Shao Ruijin, Egecioglu Emil, Weijdegård Birgitta, Kopchick John J, Fernandez-Rodriguez Julia, Andersson Niklas, Billig Håkan
Department of Physiology/Endocrinology, Institute of Neuroscience and Physiology, The Sahlgrenska Academy at Gothenburg University, SE-41390, Gothenburg, Sweden.
Am J Physiol Endocrinol Metab. 2007 Nov;293(5):E1430-42. doi: 10.1152/ajpendo.00384.2007. Epub 2007 Sep 11.
Estrogen receptors (ERs) are members of the nuclear receptor superfamily and are involved in regulation of fallopian tube functions (i.e., enhancement of protein secretion, formation of tubal fluid, and regulation of gamete transport). However, the ER subtype-mediated mechanisms underlying these processes have not been completely clarified. Recently, we identified ERbeta expression and localization in rat fallopian tubes, suggesting a potential biological function of ERbeta related to calcium-dependent ciliated beating. Here we provide for the first time insight into the less studied ERalpha isoforms, which mediate estrogen-dependent production and secretion of IGFs in vivo. First, Western blot studies revealed that three ERalpha isoforms were expressed in mouse fallopian tubes. Subsequent immunohistochemical analysis showed that ERalpha was detected in all cell types, whereas ERbeta was mainly localized in ciliated epithelial cells. Second, ERalpha isoform levels were dramatically downregulated in mouse fallopian tubes by treatment with E(2) or PPT, an ERalpha agonist, in a time-dependent manner. Third, the presence of ICI 182,780, an ER antagonist, blocked the E(2)- or PPT-induced downregulation of tubal ERalpha isoform expression in mice. However, alteration of ERalpha immunoreactivity following ICI 182,780 treatment was only detected in epithelial cells of the ampullary region. Fourth, changes in ERalpha isoform expression were found to be coupled to multiple E(2) effects on tubal growth, protein synthesis, and secretion in mouse fallopian tube tissues and fluid. In particular, E(2) exhibited positive regulation of IGF-I and IGF-II protein levels. Finally, using growth hormone receptor (GHR) gene-disrupted mice, we showed that regulation by E(2) of IGF production was independent of GH-induced GHR signaling in mouse fallopian tubes in vivo. These data, together with previous studies from our laboratory, suggest that the long-term effects of estrogen agonist promote IGF synthesis and secretion in mouse tubal epithelial cells and fallopian tube fluid via stimulation of ERalpha.

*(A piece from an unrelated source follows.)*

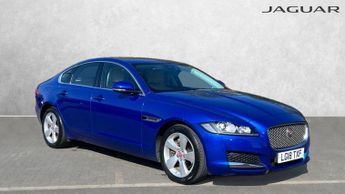 Jaguar XF 2.0i Portfolio 4dr Auto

雌激素受体(ERs)是核受体超家族的成员,参与输卵管功能的调节(即增强蛋白质分泌、形成输卵管液以及调节配子运输)。然而,这些过程背后的ER亚型介导机制尚未完全阐明。最近,我们在大鼠输卵管中鉴定出ERβ的表达和定位,提示ERβ与钙依赖性纤毛摆动相关的潜在生物学功能。在此,我们首次深入研究了较少被研究的ERα亚型,其在体内介导雌激素依赖性的胰岛素样生长因子(IGFs)产生和分泌。首先,蛋白质印迹研究显示三种ERα亚型在小鼠输卵管中表达。随后的免疫组织化学分析表明,ERα在所有细胞类型中均有检测到,而ERβ主要定位于纤毛上皮细胞。其次,用E(2)或ERα激动剂PPT处理小鼠输卵管后,ERα亚型水平以时间依赖性方式显著下调。第三,ER拮抗剂ICI 182,780的存在可阻断E(2)或PPT诱导的小鼠输卵管ERα亚型表达下调。然而,ICI 182,780处理后ERα免疫反应性的改变仅在壶腹部区域的上皮细胞中检测到。第四,发现ERα亚型表达的变化与E(2)对小鼠输卵管组织和液体中输卵管生长、蛋白质合成和分泌的多种作用相关。特别是,E(2)对IGF-I和IGF-II蛋白水平表现出正调控作用。最后,使用生长激素受体(GHR)基因敲除小鼠,我们表明E(2)对IGF产生的调节在体内小鼠输卵管中独立于生长激素诱导的GHR信号传导。这些数据,连同我们实验室之前的研究,表明雌激素激动剂的长期作用通过刺激ERα促进小鼠输卵管上皮细胞和输卵管液中IGF的合成和分泌。